Venne in seguito una nuova stagione, che appartiene a una generazione diversa dalla mia perché contraddistinta da testi i quali, confrontati con la l’intensità e la pregnanza dei precedenti, ci apparivano melensi e banali. Anche la musica sembrava semplificarsi, strizzando l’occhio in più di un’occasione al popolo delle sale da ballo, ma solo all’apparenza.
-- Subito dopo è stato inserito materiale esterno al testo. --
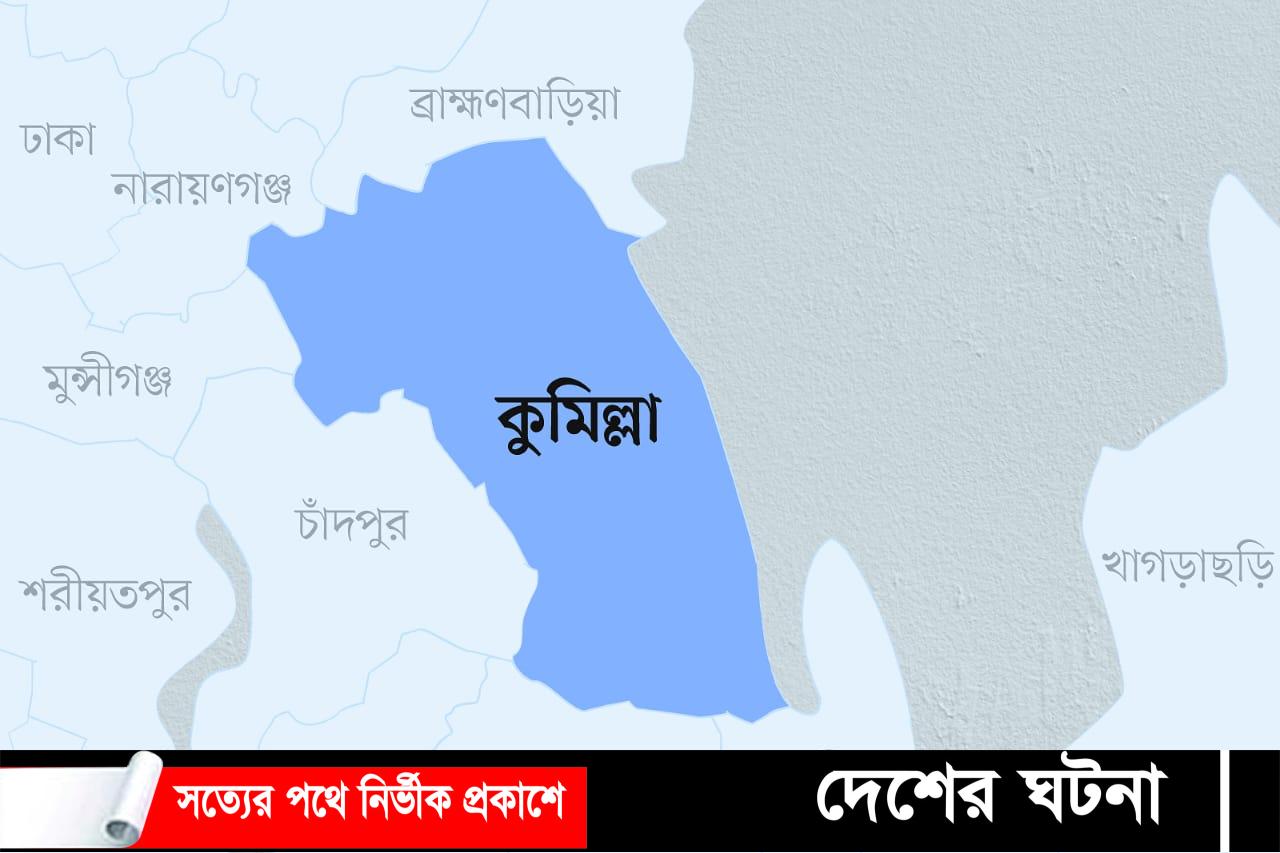 দাউদকান্দিতে ট্রাক চাপায় দুই মহিলা নিহত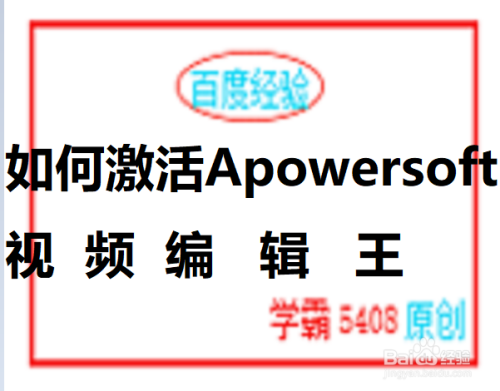 如何激活Apowersoft视频编辑王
In realtà in questa fase della sua carriera la sua arte si esprimeva spesso in modo sottile, sotterraneo, con arrangiamenti che, analizzati in profondità, rivelano una complessità compositiva paragonabile alle canzoni degli anni ’80, ma più nascosta, meno appariscente, alimentata dagli apporti di fuoriclasse del jazz come Rita Marcotulli e Peter Erskine.

 

Negli ultimi anni Pino Daniele aveva attivato una riflessione sul suo passato più amato, rispolverando e rileggendo il repertorio del 1980-82 con i suoi partner più amati, quelli del Neapolitan Power, attraverso alcune tournèes, un bellissimo, rievocativo disco triplo (Ricomincio da 30, 2008) e la recente pubblicazione di una imperdibile extended version di Nero a metà.

 

Negli anni, ho acquistato questo ultimo disco quattro volte, due perché ne avevo consumato i solchi in vinile, una volta in cd, e ora di nuovo, perché rimasterizzato e con materiale inedito. Ho voluto riascoltarlo nel giorno della sua scomparsa, con mia figlia, scoprendo – imprevedibilmente – come ci restituisca una interpretazione vocale molto confidenziale e attuale, come se la vitalità giovanile di Daniele riuscisse nuovamente a parlarci di lui e di noi, come se cantasse ancora, qui e ora, «voglio di più, di questi anni amari».

 

So long, Pino.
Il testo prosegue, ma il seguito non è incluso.